Manganese(II) selenide
- Names: IUPAC name Manganese(II) selenide

Identifiers
- CAS Number: 1313-22-0;
- 3D model (JSmol): Interactive image;
- ChemSpider: 66598;
- ECHA InfoCard: 100.013.822
- EC Number: 215-203-1;
- PubChem CID: 73970;
- UNII: 8R9E626WPL;

Properties
- Chemical formula: MnSe
- Molar mass: 133.9 g/mol
- Appearance: gray solid
- Density: 5.59 g/cm^{3} (20 °C)
- Melting point: 1,460 °C (2,660 °F; 1,730 K)
- Solubility in water: insoluble

Structure
- Crystal structure: cubic, cF8
- Space group: Fm3m (No. 225)
- Coordination geometry: Octahedral

Related compounds
- Other anions: Manganese(II) oxide Manganese(II) sulfide Manganese(II) telluride

= Manganese(II) selenide =

Manganese(II) selenide is an inorganic compound with the chemical formula MnSe. It is a dense gray solid that dissolves only by reaction.
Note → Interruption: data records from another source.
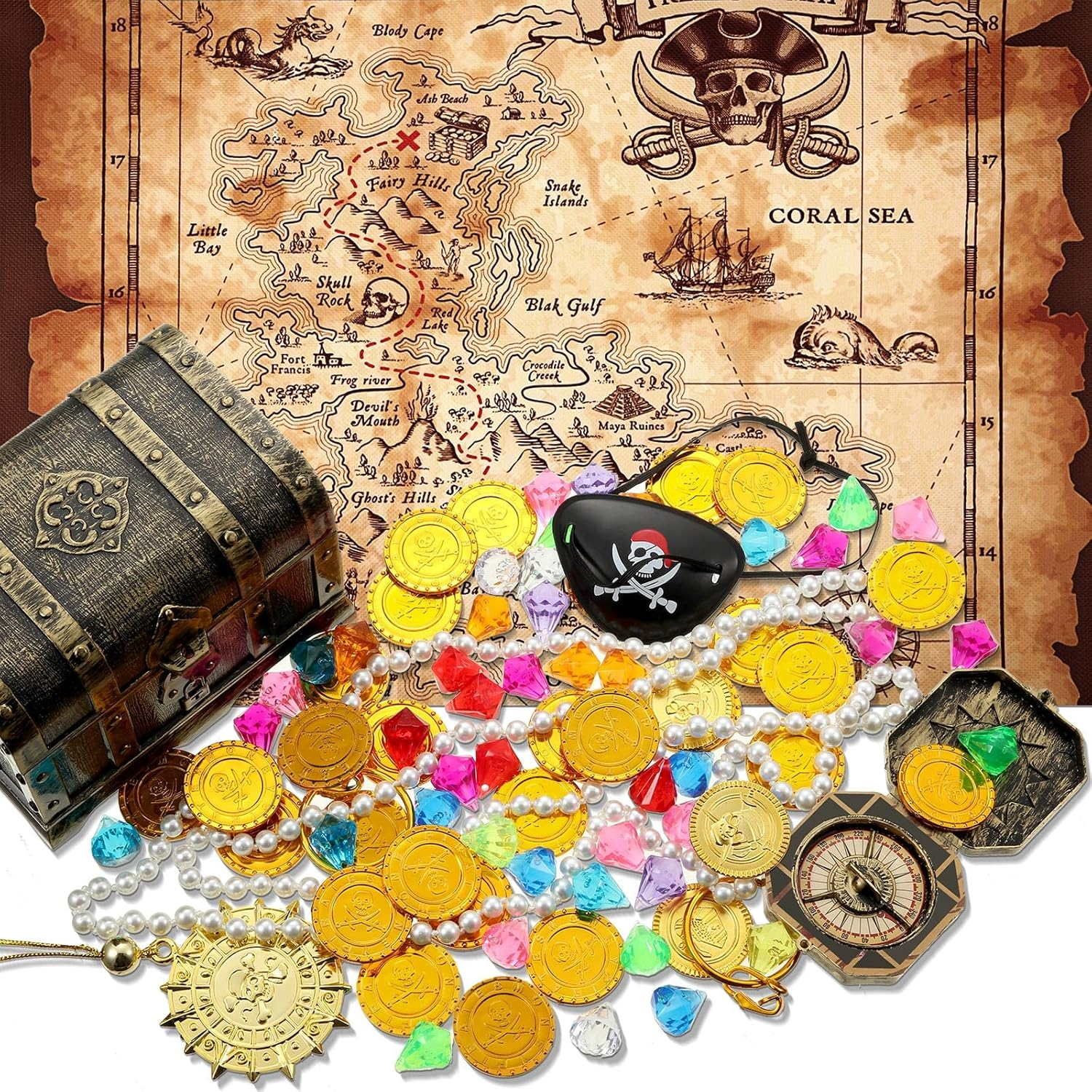 89 Pieces Pirate Treasure Chest Toy Kit Vintage Pirate Treasure Chest Pirate Eye Patch Gold Earrings Gold Coin Gems Plastic Toy Compass Pirate Map for Cosplay Themed Party Favors (Creative Style) image number 6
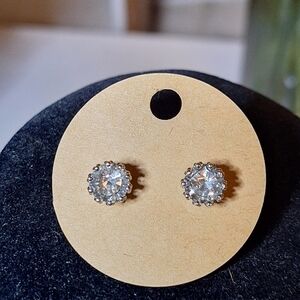 Silver Crown Cz Earrings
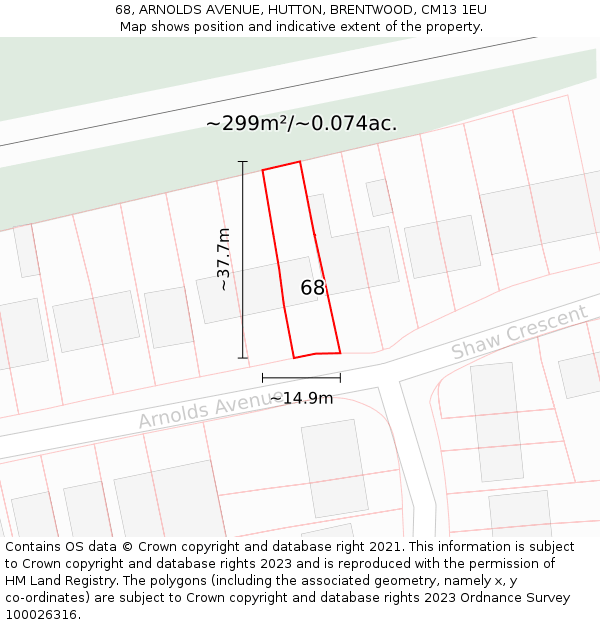 68, ARNOLDS AVENUE, HUTTON, BRENTWOOD, CM13 1EU: Plot and title map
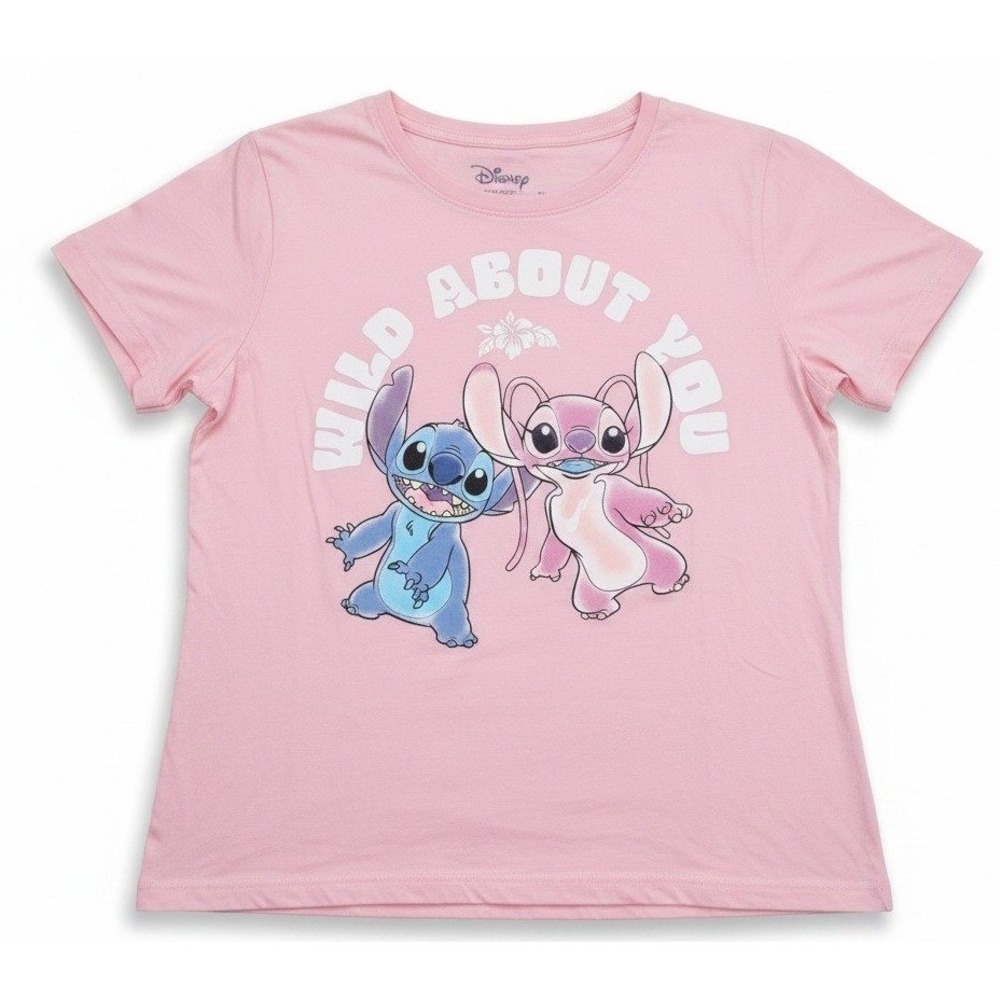 Disney Stitch Angel Wild About You Pink Graphic T-Shirt Girls XL Cotton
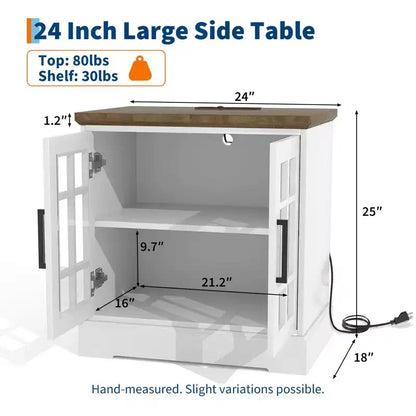 Grande table d'appoint de canapé carrée en bois, table de chevet, table de bout avec station de recharge, étagère réglable pour salon chambre, blanc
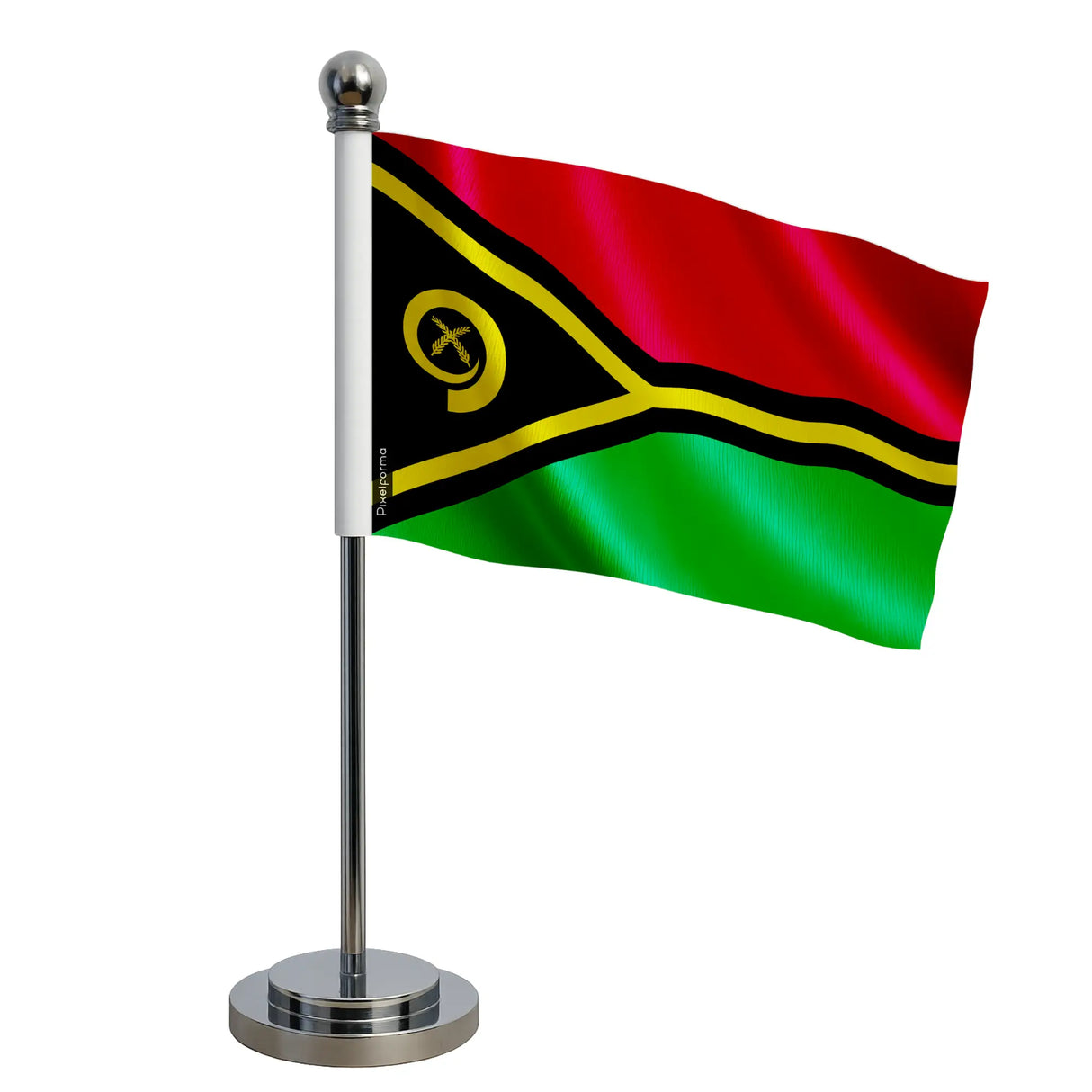 Drapeau bureau vanuatu polyester avec socle acier inoxydable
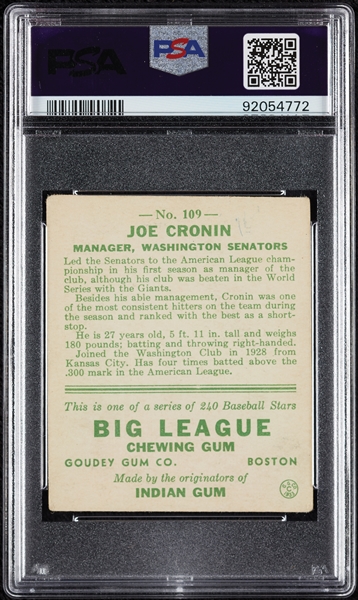 1933 Goudey Joe Cronin No. 109 PSA 3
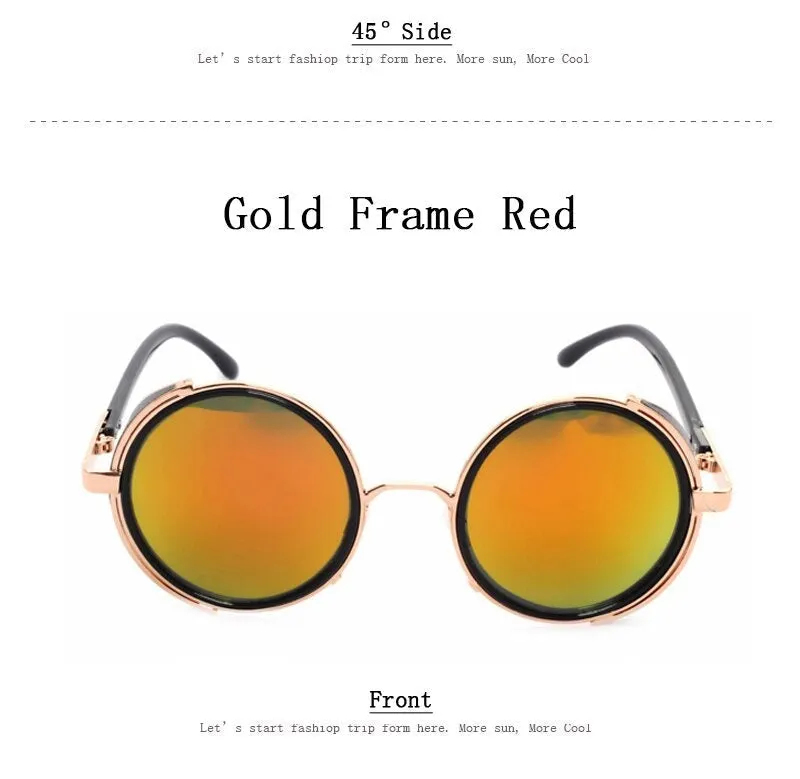 Steampunk Round Fashion Metal Designer Coated Women Sunglasses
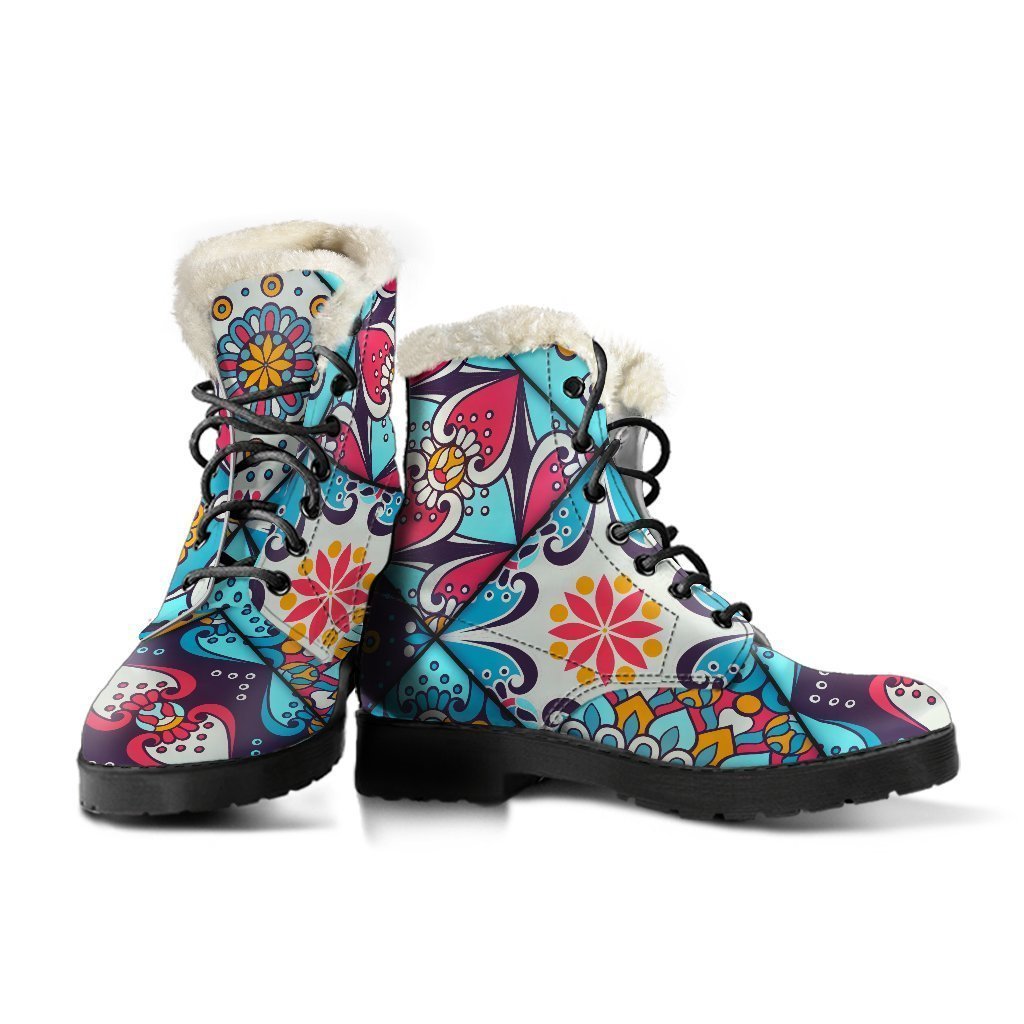 Bohemian Indian Mandala Patchwork Print Comfy Boots GearFrost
Manganese(II) selenide can be synthesized by the reaction of selenium powder and manganese(II) acetate in an alkaline solution with a reducing agent such as hydrazine at 180°C.

Manganese selenide exists in three polymorphs. Most common is the stable α-phase (NaCl type). There is also a metastable γ-phase (wurtzite type) and an unstable β phase (zincblende type).